Just over a decade into her career, Westerlund Roosen’s practice was already being defined by constant change, a tendency she would continue to today. In the early 1970s, after realizing that working in resin would inevitably link her to other artists like Eva Hesse, she chose to move on. “I didn’t want to stay in a material where I would always be read through someone else,” she said. She turned instead to concrete and cement—heavy materials rarely used at the time to depict the body—and began modeling forms that suggested phalluses, breasts, and other reproductive anatomy. Over the years, she added steel, copper, and lead, experimenting with how softer elements could push against or reshape rigid molds. In the 2000s, she combined her past and present materials, mixing cement with resin. “Cement isn’t really conducive to organic things,” she said. “That’s what made it interesting.”
This approach offers a key lens to view “Then and Now,” the artist’s current exhibition at Nunu Fine Art in New York (through February 21). Spanning sculpture and drawing from the 1970s to the present, the show traces Westerlund Roosen’s expansive thinking about materiality and its relationship to the human condition.
Installation view of “Mia Westerlund Roosen: Then and Now,” 2026, at Nunu Fine Art, New York, showing the artist’s 1981 sculptures Heat (background) and Conical (foreground).
Photo Martin Seck/Courtesy the artist and Nunu Fine Art
For dealer Nunu Hung, the exhibition is not about recovery or correction but resonance to our current moment. “Mia’s work embodies artistic creations that endure through time,” Hung said. “In this fast-paced era, the exhibition invites viewers to pause—to reflect across cultures and generations, and to appreciate the humility that such genuine works can offer.”
Upon entry, viewers are immediately confronted by works like Heat and Conical (both 1981), both of which extend outward from the floor in a muscular arc, their elongated, tapering forms jutting out like curved penises. The sculptures assert themselves with force: Heat rises to nearly 13 feet tall, while Conical stretches to 5 feet at its widest point. Made of concrete coated with encaustic, Heat and Conical retain a mottled, skin-like texture. The waxy overlay—tinged with yellow and pink tones and streaked with darker abrasions—appears smeared and scraped by hand. Westerlund Roosen’s materials feel bodily, even bruised. The sculptures seem less made than grown, their scale amplifying a sense of vulnerability rather than monumentality.

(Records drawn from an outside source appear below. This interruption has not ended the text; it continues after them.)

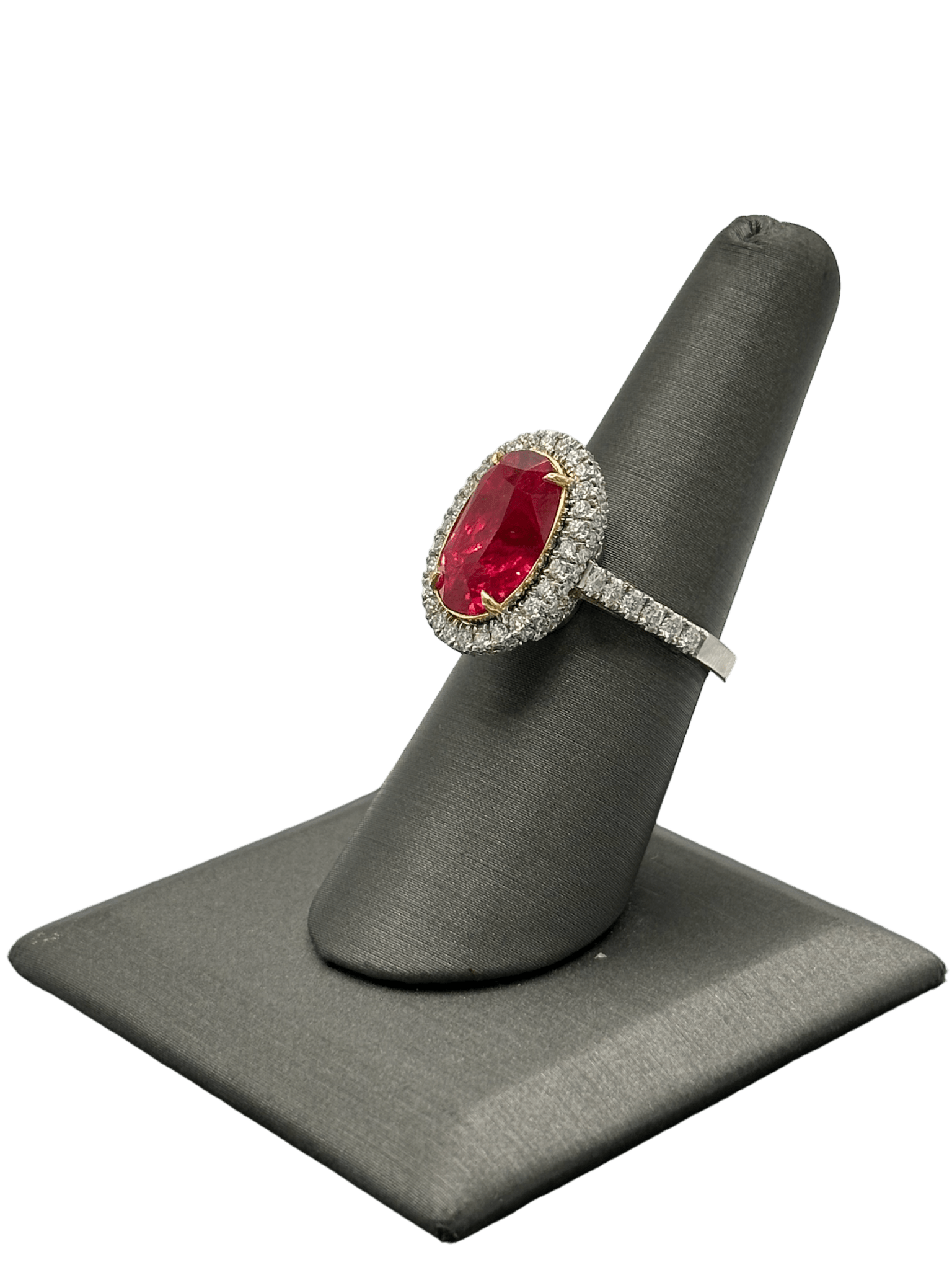 Mahenge Spinel & Diamond Ring - Forever Rox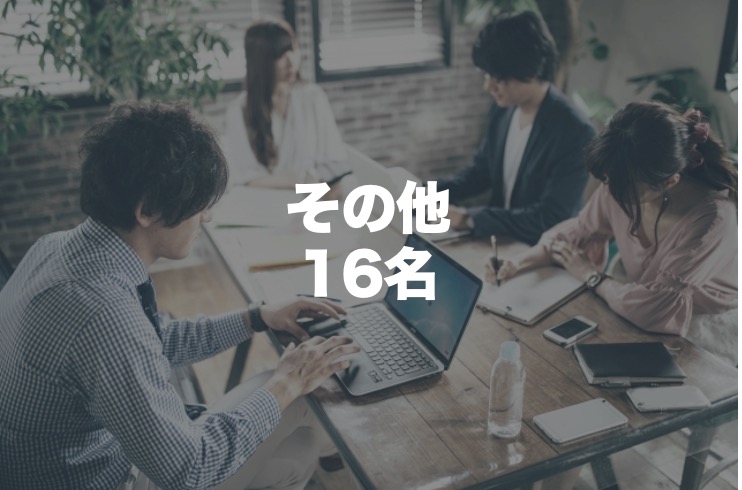 その他 16名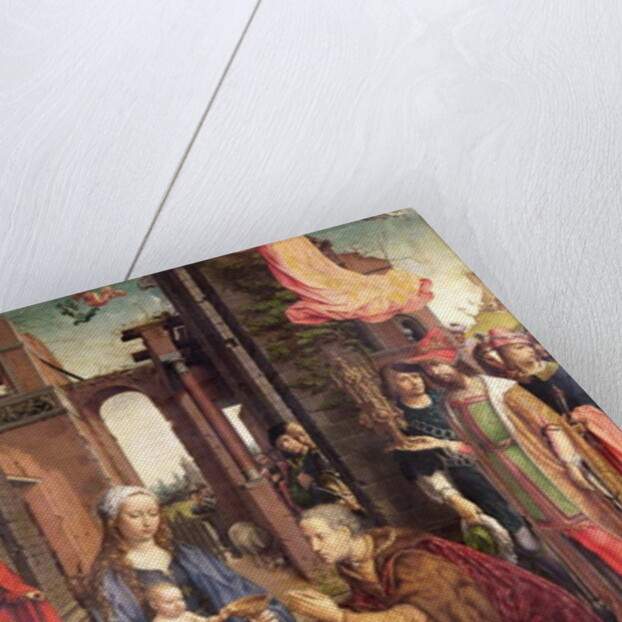 The Adoration of the Kings by Jan (c.1472-c.1533) Gossaert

Mia Westerlund Roosen, Heat 1, 1981.
Courtesy the artist and Nunu Fine Art
That sense of motion continues in drawings like Heat 1 and Heat 3 (both 1981), which are not preparatory sketches for her towering sculptures but were completed afterward. Executed in charcoal and brown pastel, the works on paper act as afterimages, tracing her movements as Westerlund Roosen, a trained dancer, recalled them. Lines loop and overlap, darkening as the repeated passes of her body move through space.
If Heat and Conical establish the exhibition’s visual core, Sac (2019) is almost disarmingly much smaller. Wrapped in pale flannel and resin, its slumped, elongated form resembles a condom—soft, folded, stretched, comically flaccid even. Seen together with sculptures made decades earlier, Sac muddies Westerlund Roosen’s long engagement with masculinity: gone is the aggressive extension of Heat and Conical. What’s left instead is a fragility drawn inward.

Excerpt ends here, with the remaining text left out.